İyi düşünülmüş, ustaca planlanmış bir tuzaktır: Bir kavramın inkârı, karşıtı vb. çok özel durumlarla tanımlanıp çok dar bir alana sıkıştırılırsa, bu kavramın uzantısı uygulamalar da içerdiği olumsuzluklardan o kadar tenzih edilmiş, aklanmış olur. Örneğin “ticari başarı” kavramının inkârı sadece ve sadece “iflas” olarak tanımlanırsa, iflas etmeyen bir ticari kuruluşu her tür rüşvete, suiistimale, yolsuzluğa bulaşmış olsa bile başarılı sayıp baş tacı etmek gerekir! Bunun gibidir: Eğer “demokrasinin” inkârı salt “darbe” olarak tanımlanır, buna indirgenirse, o zaman darbe olmadığı sürece yapılan her şeyin demokrasi adına kutsanması, en azından sineye çekilmesi gerekecektir…
Türkiye solu ne yazık ki bu tuzağa düşmektedir. Üstelik geçmişinde “Filipin demokrasisi”, “cici demokrasi” gibi tepkisel yanı ağır basan, “burjuva demokrasisi” gibi işi sınıfsal temeline oturtan nitelendirmeler olduğu halde...
***
Peki, Türkiye solu olarak bu tuzaktan kurtulabilir miyiz?
Yukarıda söylenenlerden hareketle, kurtuluşun ilk adımı açık olsa gerek: “Darbe” olmadığı, “milli iradenin” tecellisine müdahale edilmediği sürece, olup biten her şeyi demokrasi adına sineye çekmekten vazgeçmek…
Kimilerimiz için bu bile zor olabilir. Ancak, bundan sonrası daha da zordur.
Türkiye solu olarak elbette demokrasiyi salt “darbe karşıtlığı” ötesinde, daha geniş biçimde ve daha zengin bir içerikle tanımlayabiliriz. Ancak, tanım genişleyip zenginleştikçe, bu tanımın kapsamına giren öğelerin salt “demokrasi” bağlamında önerilip savunulması da zorlaşacaktır.
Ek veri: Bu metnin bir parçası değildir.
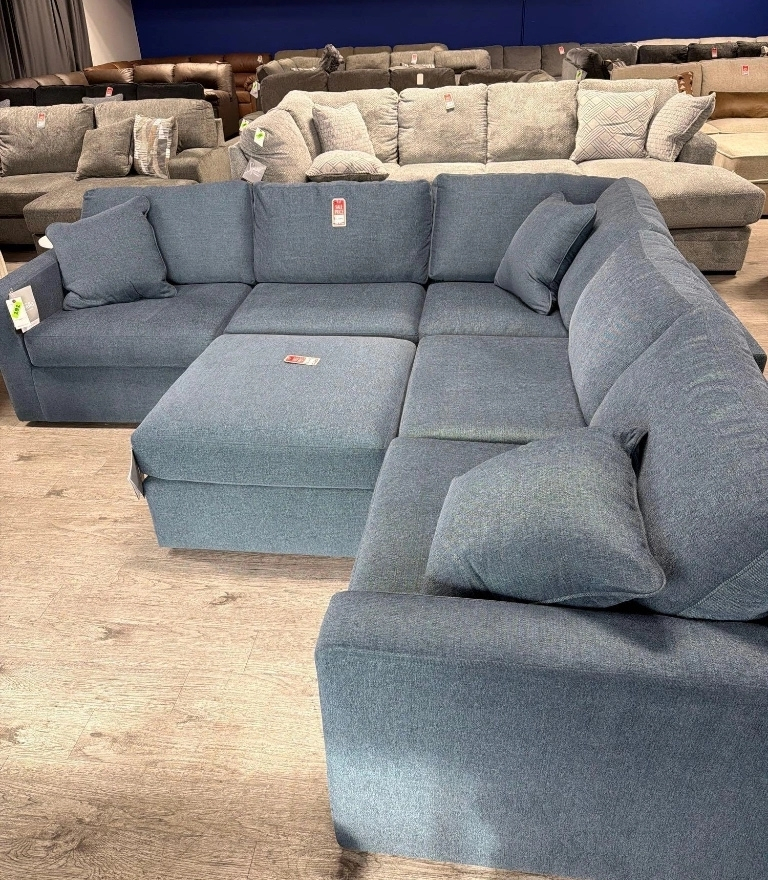 Modern L-Shaped Sectional Couch – Online Furniture Auction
Örneğin, “emeğin özgürleşmesi”, “insanın insan tarafından her tür sömürüsüne son verilmesi” gibi hedefler için verilen mücadelede “demokratik ortamlar” gerektiğini söyleyebiliriz; ama bu hedeflerin “demokrasinin gereği” olduklarını söyleyemeyiz.
Kapitalizm çerçevesinde, “ileri olanı” dâhil hangi demokrasiye sorarsanız sorun, “Abi bu kadarı beni aşar…” diyecektir.
***
Bu yazıyı okuyup, “yandaş” olmadıkları, AKP’ye hiç pirim vermedikleri halde “demokrasi küçümseniyor” diye kızan solcular çıkabilir.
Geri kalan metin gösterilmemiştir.